The importance of source-to-sea approaches was emphasized by Ministers, practitioners and UN agencies at several sessions of the Ocean Conference that took place in New York on 5-9 June 2017.
The outcome of the conference “Our Ocean, Our Future: A Call for Action” refers explicitly to the need to significantly reduce marine pollution of all kinds, “particularly from land-based activities” and to promote waste prevention, develop sustainable consumption and production patterns and adopt 3R approaches.
The Action Platform for Source-to-Sea Management, which is supported by the UNDP-SIWI Water Governance Facility, co-organized two official side-events that the Conference.
The opportunities for coordinated implementation and monitoring of SDGs 6 (on water and sanitation for all) and 14 (on oceans) were discussed by both freshwater and marine representatives from United Nations, donor agencies and private sector at the side-event “Joining hands to help achieve SDGs 6 and 14 – a win-win for freshwater and oceans”. “The SDGs give us the goals and targets, but not the tools on how to get there” said Birgitta Liss Lymer, Programme Manager of the UNDP-SIWI Water Governance Facility and the Action Platform for Source-to-Sea Management. “We need to find more effective ways of coordinating and financing development options that benefit both upstream and downstream stakeholders”.
The importance of communicating the multiple gains by investing in measures that would benefit multiple SDGs such as wastewater management, to politicians, were highlighted in the event that also identified opportunities to draw upon existing UN-Water, UN-Ocean, UN agency and other initiatives to ensure strong coordination in the monitoring and implementation of the SDGs.
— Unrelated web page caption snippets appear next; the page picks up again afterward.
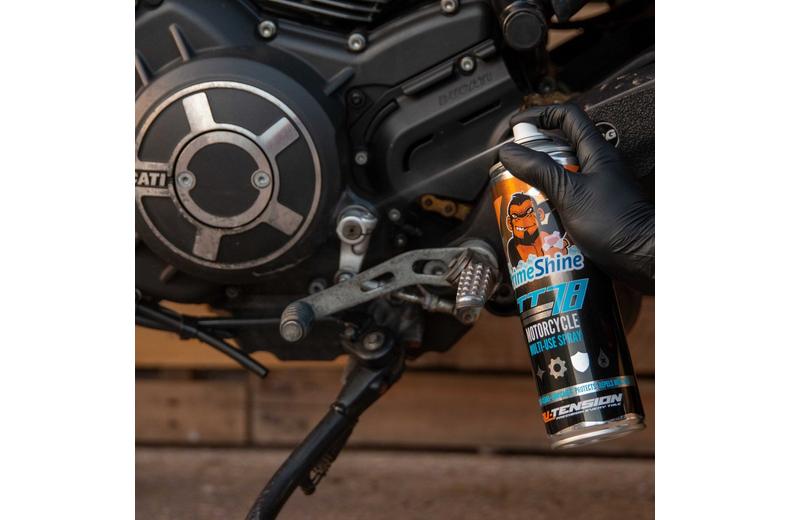 Tru-Tension PrimeShine TT78 Multi-Use Spray Tru-Tension PrimeShine TT78 Multi-Use Spray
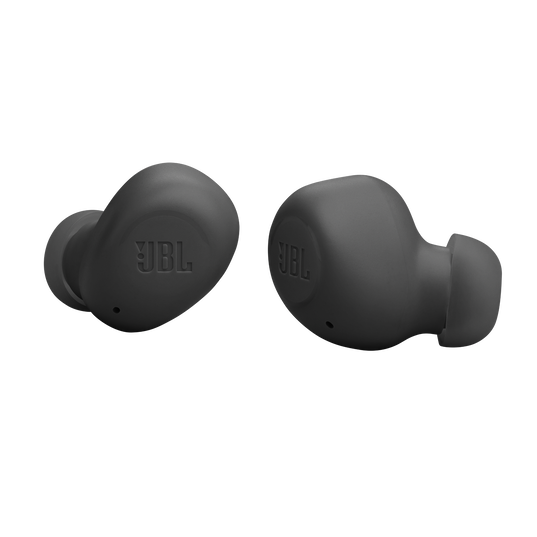 JBL Wave Buds True Wireless In-Ear Headphones - Black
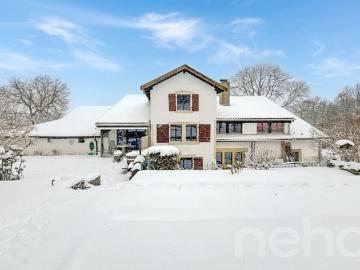 Les Planchettes, District de La Chaux-de-Fonds, Kanton Neuenburg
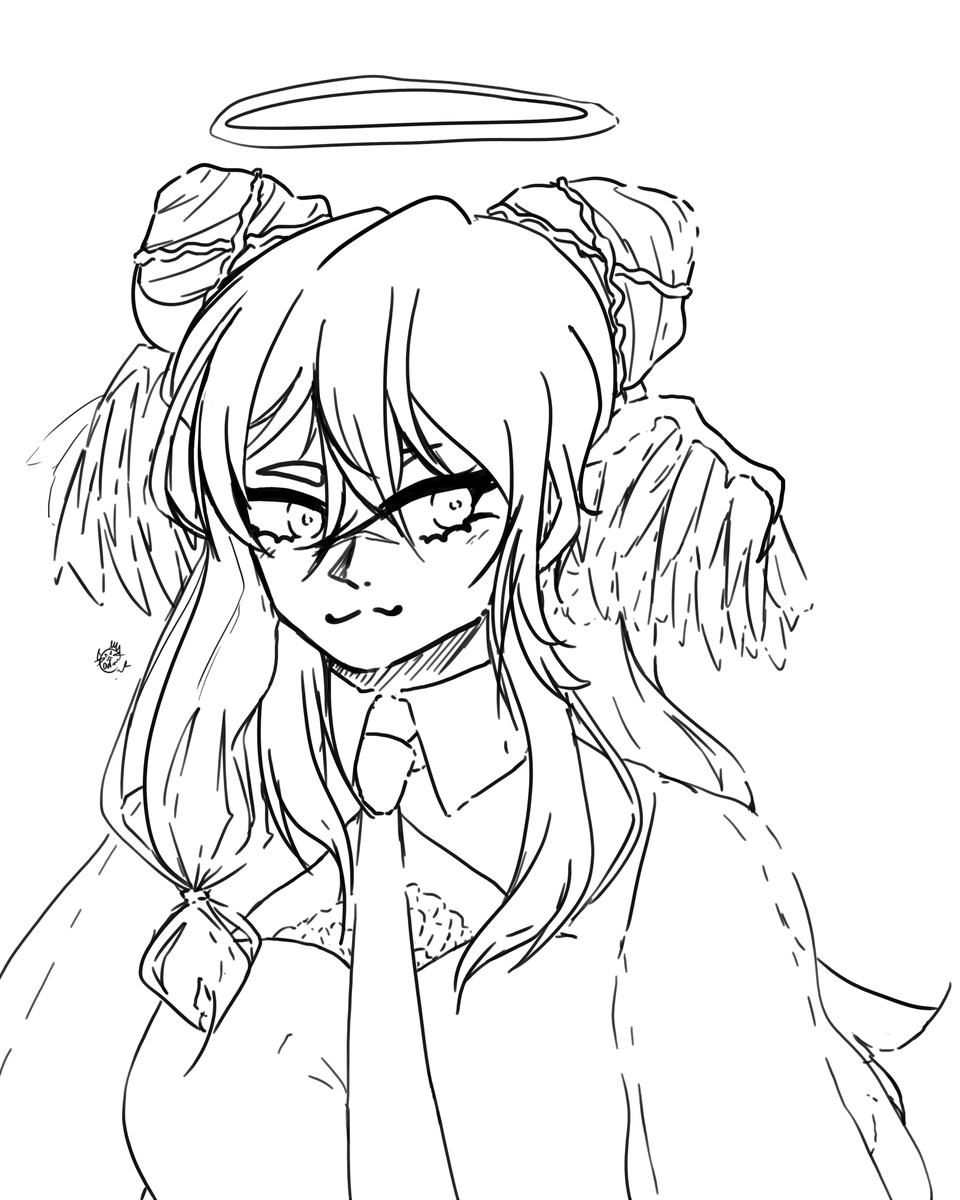 VtuberMoka's tweet photo. sketch of @solreaperVT π§‘π§‘
#ReapART #vtuber https://t.co/lWbHQ4hX1U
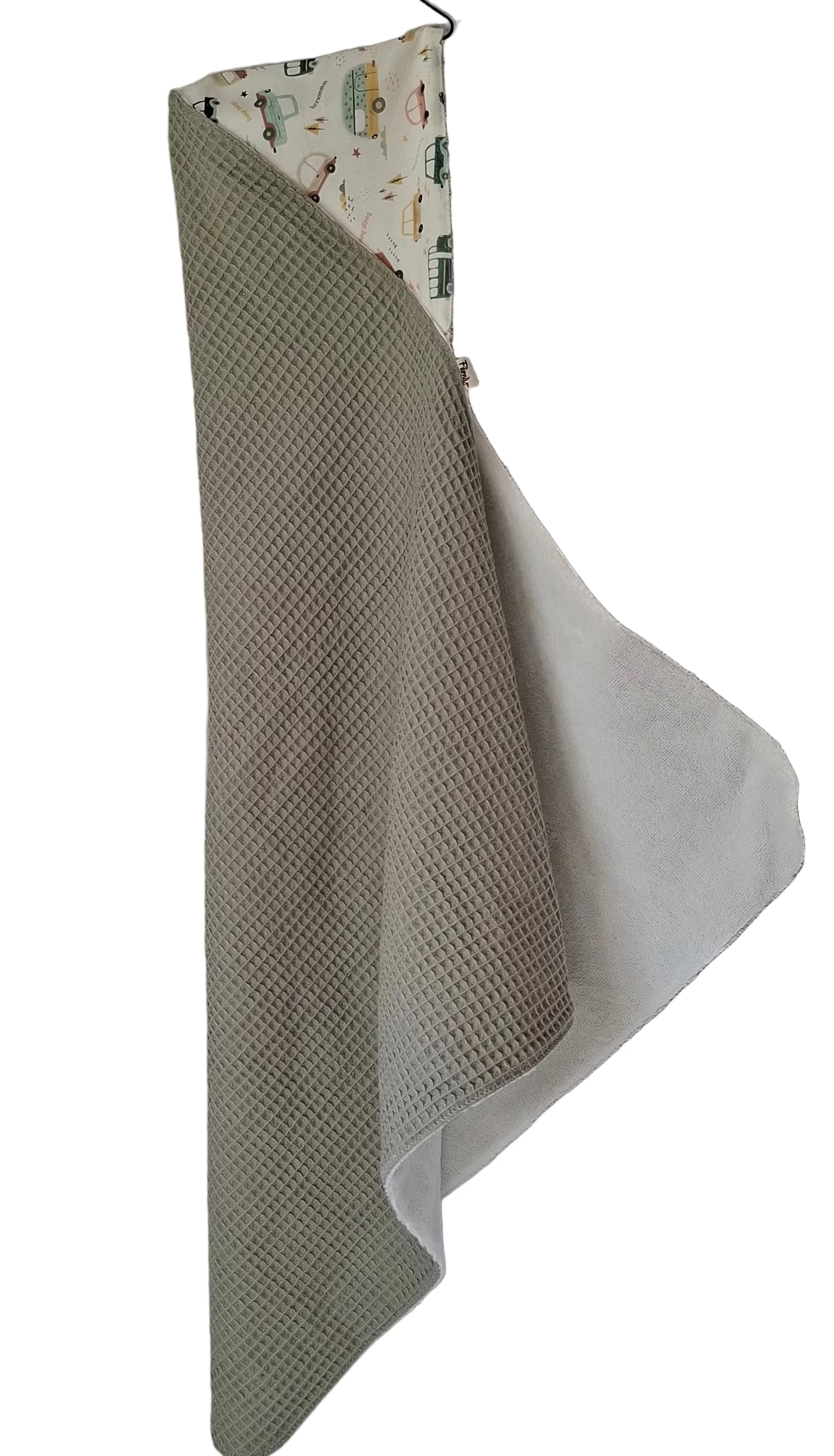 Tovallola amb caputxa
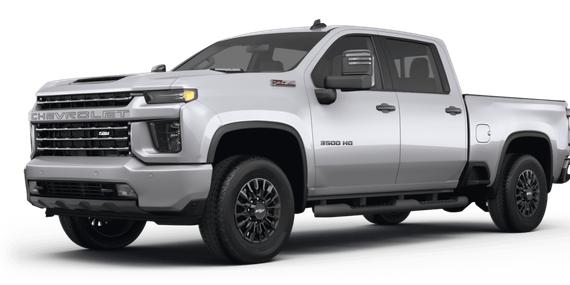 CHEVROLET SILVERADO HD 2022 1GC4YTEY8NF113225 image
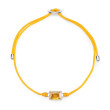Náramek Brosway Fancy Energy Yellow FEY96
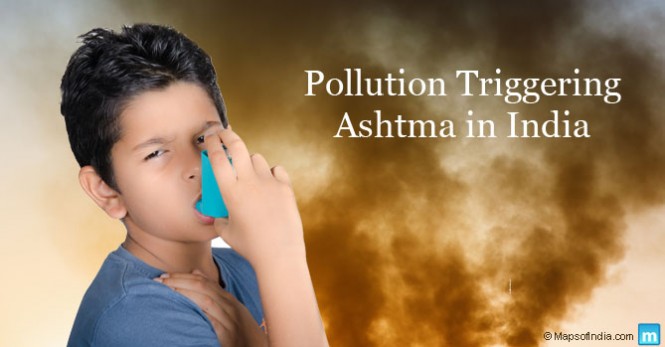 Asthma in India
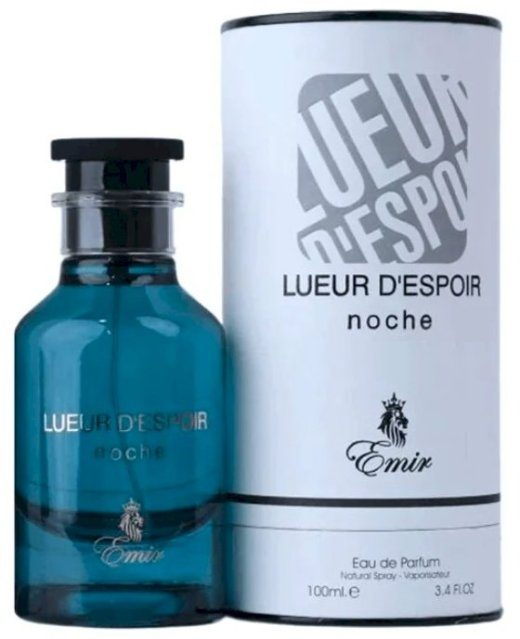 Emir Lueur D'Espoir Noche Parfüüm EDP 100 ml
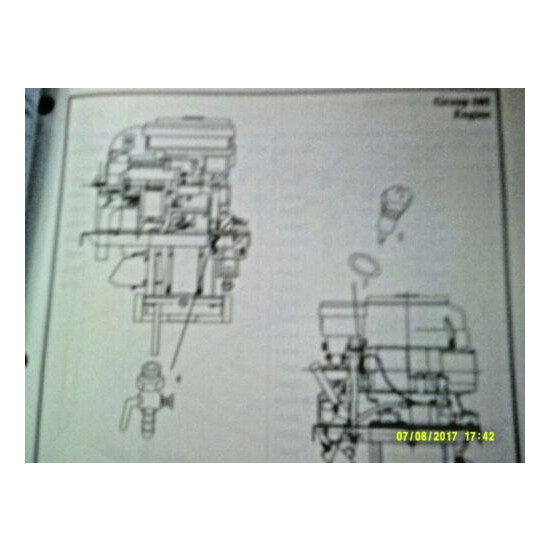 Kohler 2 / 2.5 kw Model Series Generator Spec.Series 177 Parts Listing TP-5143 image {2}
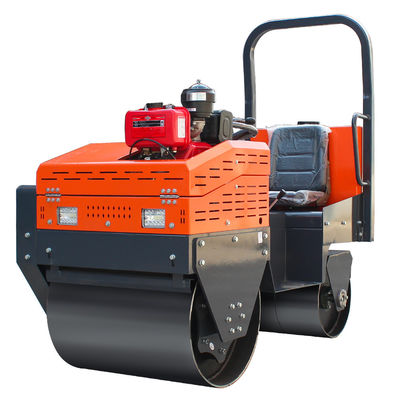 4.8 kW Motore diesel da 1 tonnellata 2 tonnellate 3 tonnellate Compattatore di macchine per la costruzione su rulli stradali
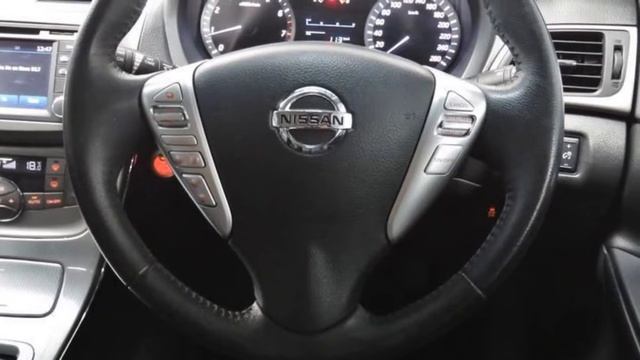 2013 Nissan Pulsar C12 SSS Cayenne Red Continuous Variable Hatchback смотреть онлайн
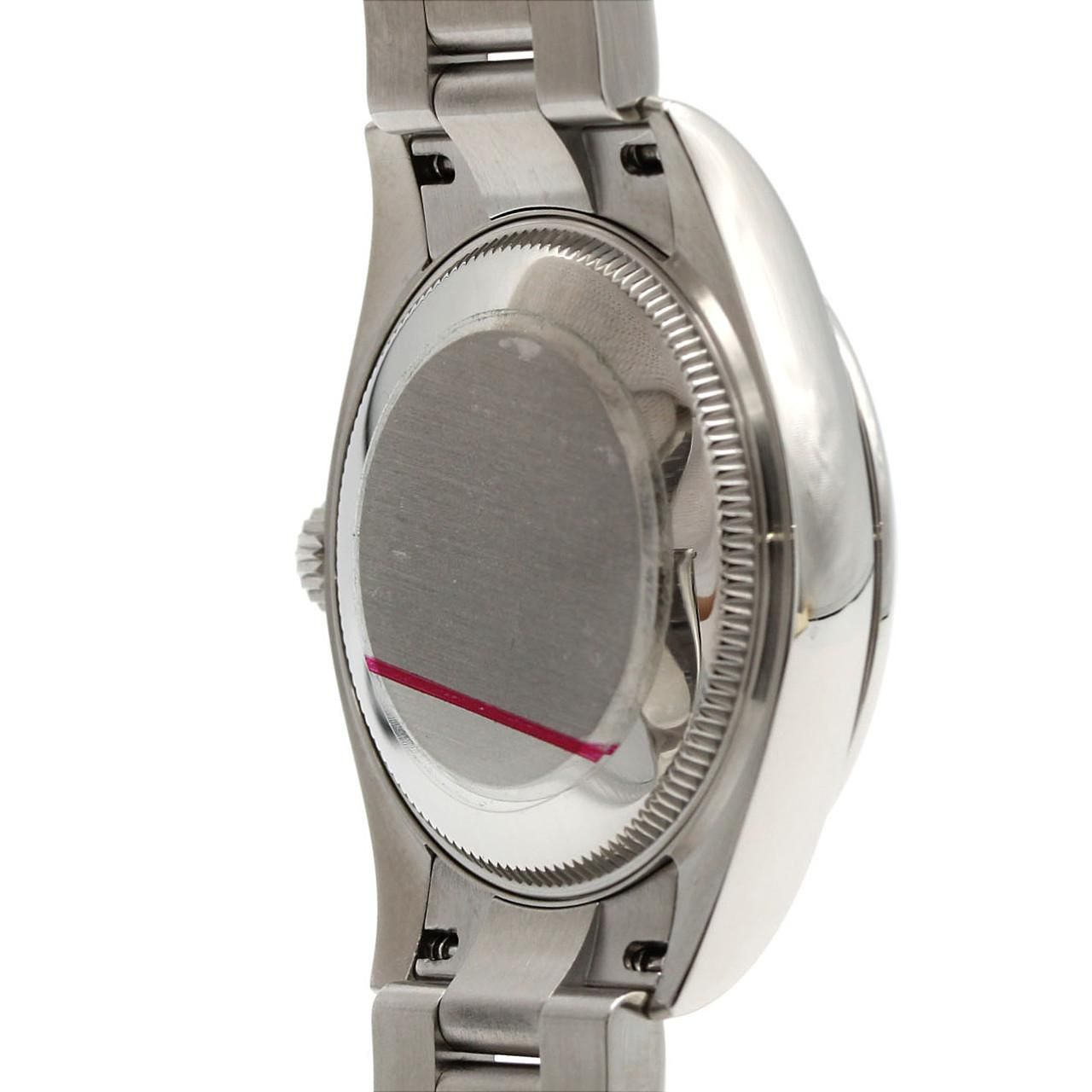 Rolex Oyster Perpetual SS Automatic Winding Watch — view 6
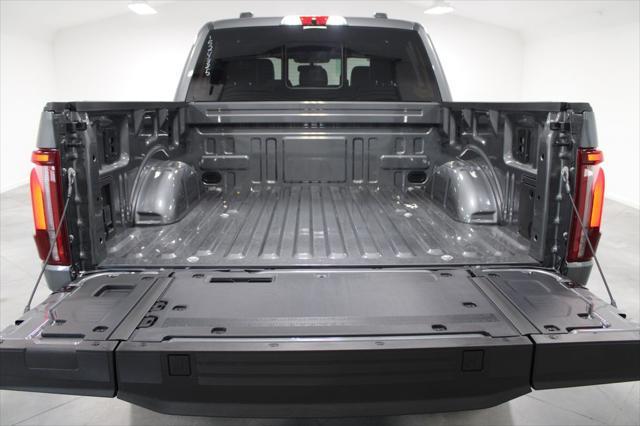 new 2025 Ford F-150 car, priced at $71,755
The event also discussed the importance of addressing diffuse sources of pollution from sectors such as agriculture that for some reason did not make it into the SDGs. The event was organized by UN-Water, UN-Oceans and the Action Platform for Source-to-Sea Management.
The need for a circular economy and sustainable waste management were highlighted by Ministers from Sweden, Germany, the Seychelles and Jamaica at the side-event “Can we achieve SDG 14 without looking upstream? Starting at the source to save the sea”. Barbara Hendricks, Minister of Environment of Germany noted that “the best waste is the waste never produced”, emphasizing the need to involve consumers to achieve behavioral changes. Dr. Naoko Ishii, CEO of the Global Environment Facility (GEF), informed that the needs to address the connections between upstream pressures and downstream impacts, to work with the private sector to address plastic and broader issues of circular economy and to break the silos between institutions will be central elements in the next strategy of the GEF. Torkil J. Clausen, Chair of the Action Platform for Source-to-Sea Management, informed on the opportunity to draw upon the Platform for knowledge generation and exchange of experiences to move forward. The event was organized by the Swedish Government, the Swedish Agency for Marine and Water Management, the Action Platform for Source-to-Sea Management and the Indian Ocean Commission.
Stockholm International Water Institute (SIWI), as the Secretariat of the Action Platform for Source-to-Sea Management, also contributed to the Partnership Dialogue on Marine Pollution by committing to support knowledge exchange and learning on governance and management approaches for more effective water quality management from source to sea. The Partnership Dialogues were held to identify ways and means to support implementation of SDG 14.